■ **Exercise goal**: Write out the whole listing below exactly, skipping each picture.

┌─ Given material

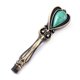 thumbnail image 1 of 2pcs/set DIY Scrapbook Brass Wax Seal Stamp with Alloy Handles for DIY Scrapbooking Animal Pattern Stamp: 25mm Handle: 88.5x24.5x14mm, 1 of 2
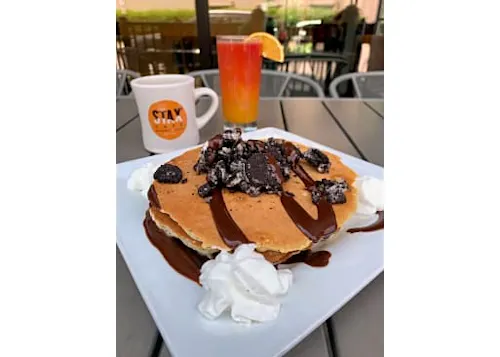 Stax Cafe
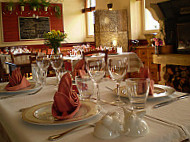 Auberge de Vigny food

└─

■ **Solution for this problem**:
 thumbnail image 1 of 2pcs/set DIY Scrapbook Brass Wax Seal Stamp with Alloy Handles for DIY Scrapbooking Animal Pattern Stamp: 25mm Handle: 88.5x24.5x14mm, 1 of 2
 Stax Cafe
 Auberge de Vigny food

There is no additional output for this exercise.